Una delle finali più importanti del calcio mineiro si è conclusa nella peggiore maniera possibile. Cruzeiro e Atletico Mineiro si sono affrontati domenica 8 marzo nella sfida che assegnava il titolo del Campeonato Mineiro, ma quello che sarebbe dovuto essere un momento di festa si è trasformato in un episodio di violenza che ha scioccato gli addetti ai lavori.
Il match era equilibrato fino al momento decisivo, quando lo scontro tra il portiere dell'Atletico Everson e il centrocampista del Cruzeiro Christian ha fatto scoppiare il caos. Il numero uno mineiro ha spinto a terra l'avversario e gli ha piantato un ginocchio sul petto, un gesto che ha immediatamente innescato la reazione dei compagni di squadra. I giocatori del Cruzeiro si sono scagliati contro Everson, spingendolo contro un palo della porta, mentre da lì in poi è scoppiata una vera e propria rissa con pugni e calci lanciati da entrambi i fronti.
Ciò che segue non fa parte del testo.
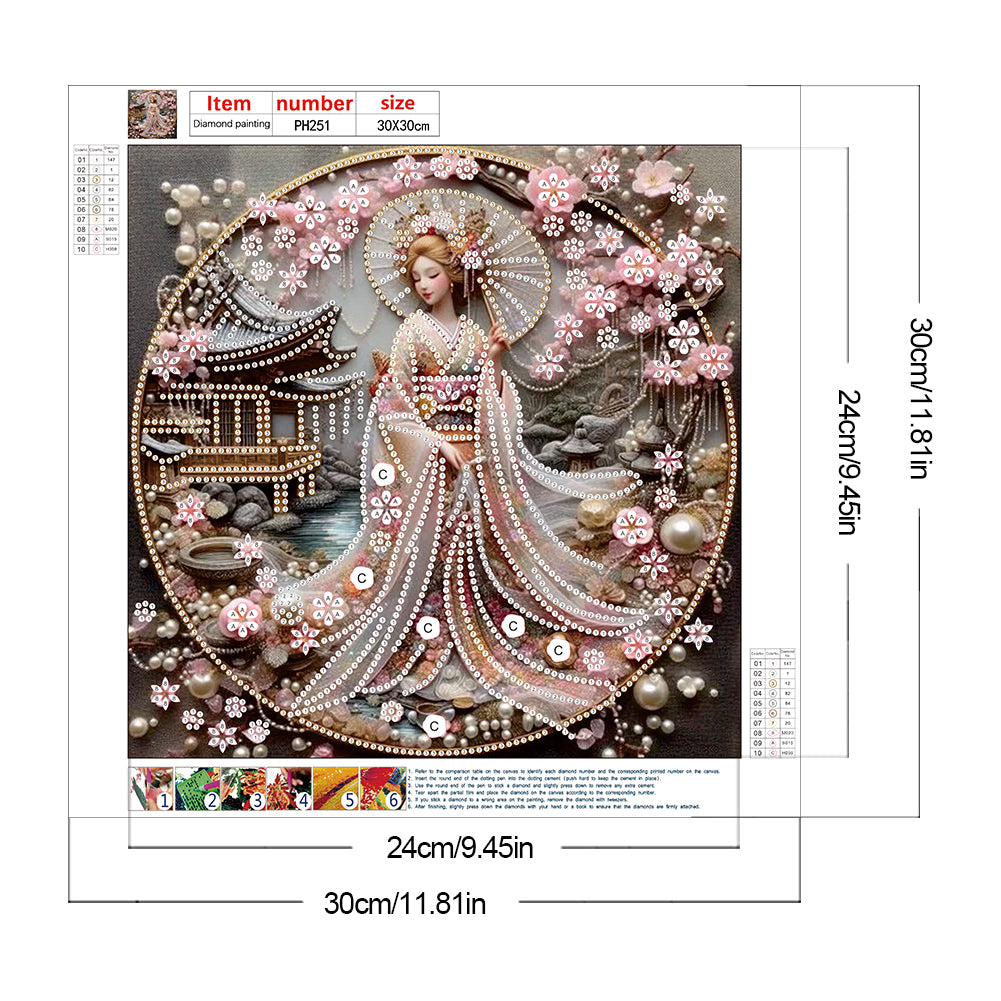 Japanese Girl - Special Shaped Drill Diamond Painting 30*30CM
La scena surreale si è protratta per lunghi minuti, con il personale di sicurezza e la polizia militare costretti a intervenire per separare i contendenti. Quello che sorprende è il comportamento dell'arbitro Matheus Delgado Candancan, che durante il caos non ha estratto alcun cartellino rosso. È stato solo successivamente, nella sua relazione ufficiale, che il direttore di gara ha segnalato 12 espulsioni tra le fila del Cruzeiro e 11 tra quelle dell'Atletico Mineiro, per un totale di 23 giocatori mandati negli spogliatoi. Tra i protagonisti della rissa figura Hulk, ex attaccante della nazionale brasiliana, e Renan Lodi, difensore che ha militato nel Nottingham Forest.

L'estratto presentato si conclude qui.